Indeterminate Lymph Nodes Assessment in Oral Squamous Cell Carcinoma Using CT, MRI, and PET-CT: A Retrospective Study
Jihye Ryu, Su-Yi Sim, Jae-Yeol Lee

TL;DR
This study compares CT, MRI, and PET-CT for detecting metastatic lymph nodes in oral cancer patients, finding PET-CT more effective for indeterminate cases.
Contribution
The study introduces the use of SUVmax as a quantitative indicator for metastatic involvement in indeterminate lymph nodes.
Findings
PET-CT outperformed CT and MRI in identifying benign and indeterminate lymph nodes.
SUVmax was a significant predictor of malignancy with strong discriminative performance (AUC = 0.88).

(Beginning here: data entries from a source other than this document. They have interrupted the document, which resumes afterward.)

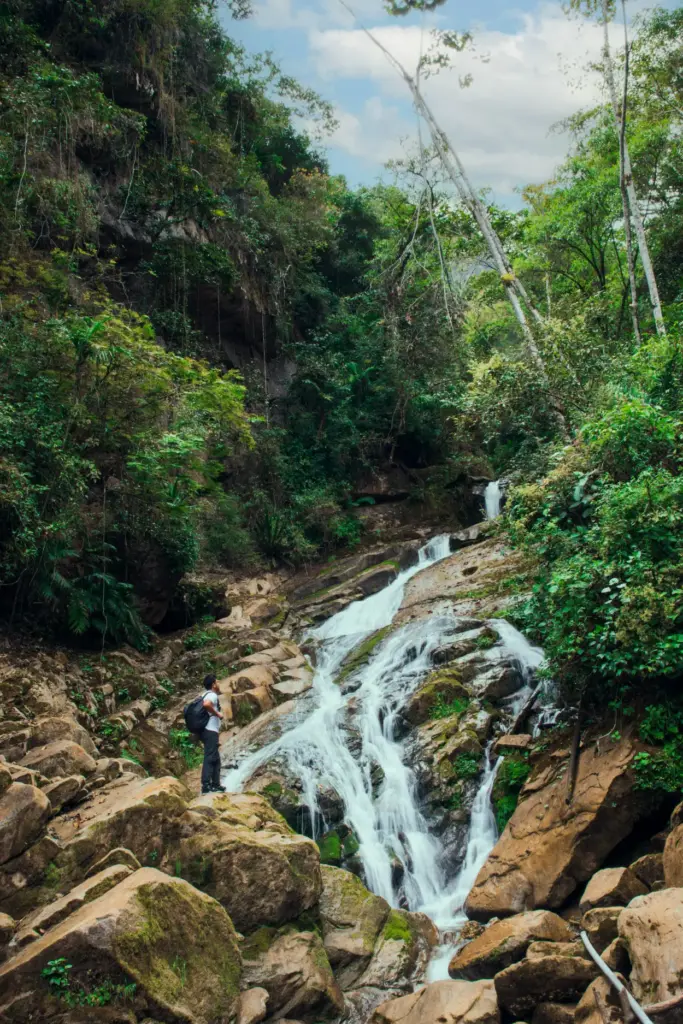 Trekking in the Amazon Rainforest: A Journey Through Nature’s Wonderland 25 amazon rainforest hiking tours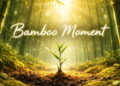 Your Bamboo Moment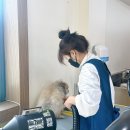 개인정애견샵 이미지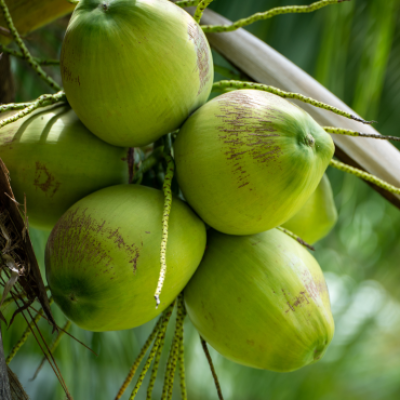 fresh agriculture products (7)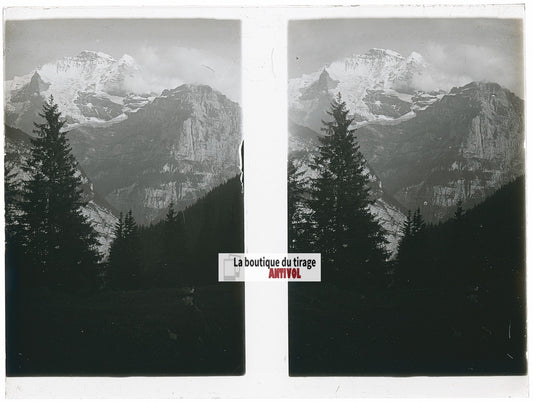 Forêt alpine, Alpes Suisse, stéréo photo plaque verre, noir & blanc, 9x12 cm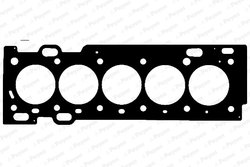 GARNITURA CHIULOASA PAYEN AE5560 - Compatibil cu VOLVO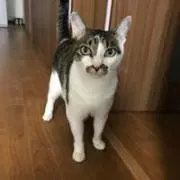 ソルトの画像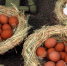 Объём производства астраханской сельхозпродукции вырос - Ast-News.Ru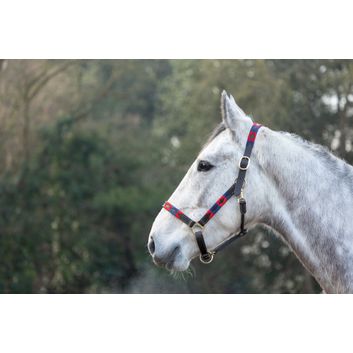 Hy Equestrian Polo Leather Head Collar - Navy/Red alternative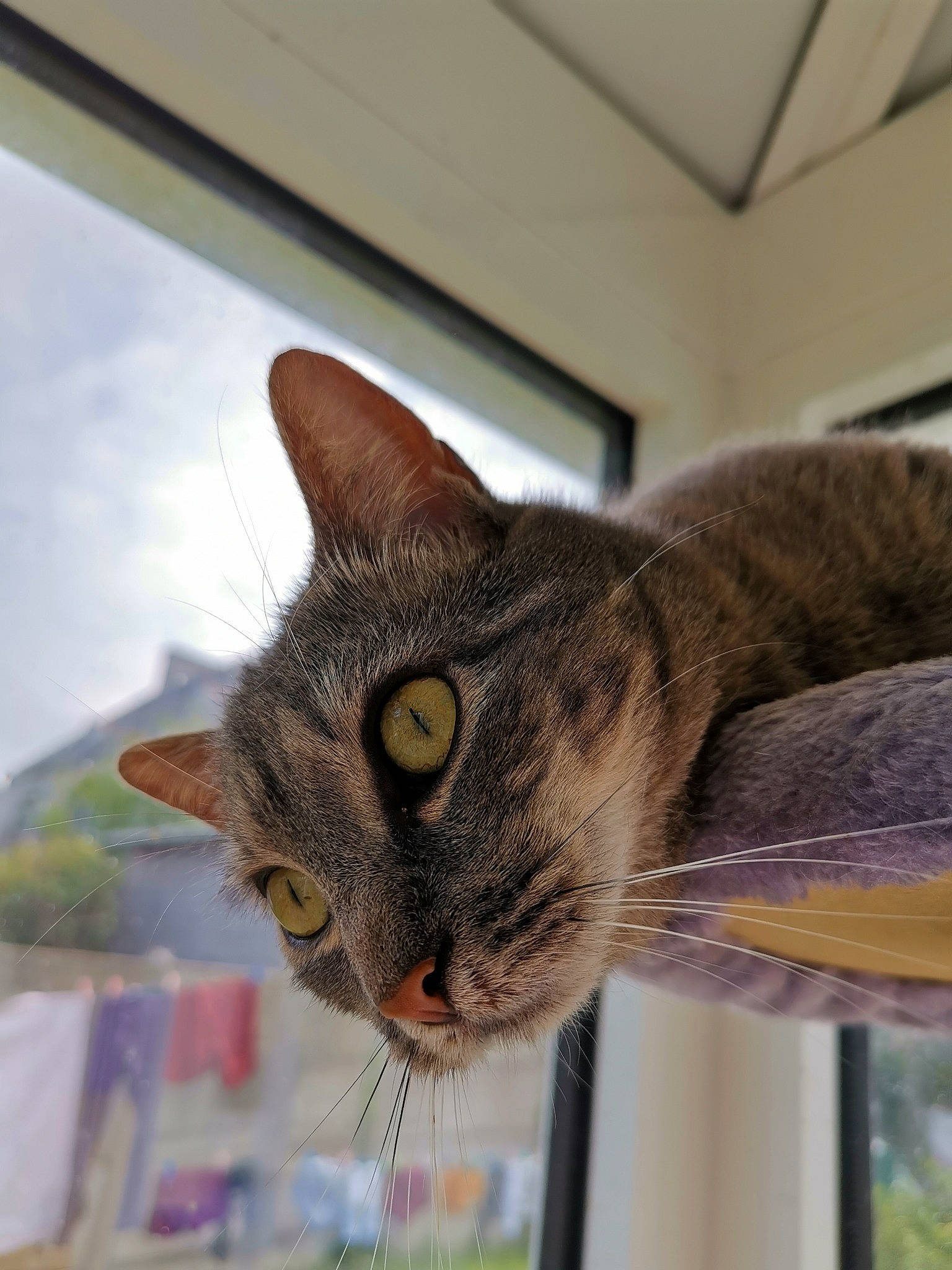 Malibu participe au concours pour gagner de l'argent avec cette photo : aegean_cat, american_shorthair, asian, australian_mist, bengal, california_spangled, carnivore, cat, domestic_short_haired_cat, dragon_li, european_shorthair, eye, felidae, kitten, ocicat, small_to_medium_sized_cats, snout, tabby_cat, whiskers, window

CT showed high specificity but lower sensitivity compared to PET-CT.
Abstract
Objective: This study aimed to evaluate and compare the diagnostic performance of computed tomography (CT), magnetic resonance imaging (MRI), and positron emission tomography-computed tomography (PET-CT) in detecting metastatic cervical lymph nodes in patients with oral squamous cell carcinoma (OSCC), with a particular focus on radiologically indeterminate lymph nodes. Materials and Methods: A retrospective analysis was conducted on OSCC patients who underwent CT, MRI, and PET-CT imaging prior to surgery, followed by histopathologic confirmation. Lymph nodes were categorized as metastatic, indeterminate, or benign based on imaging criteria specific to each modality. Diagnostic accuracy, sensitivity, and specificity were calculated using histopathology as the reference standard. Results: After excluding lymph nodes classified as indeterminate on preoperative imaging, CT demonstrated an…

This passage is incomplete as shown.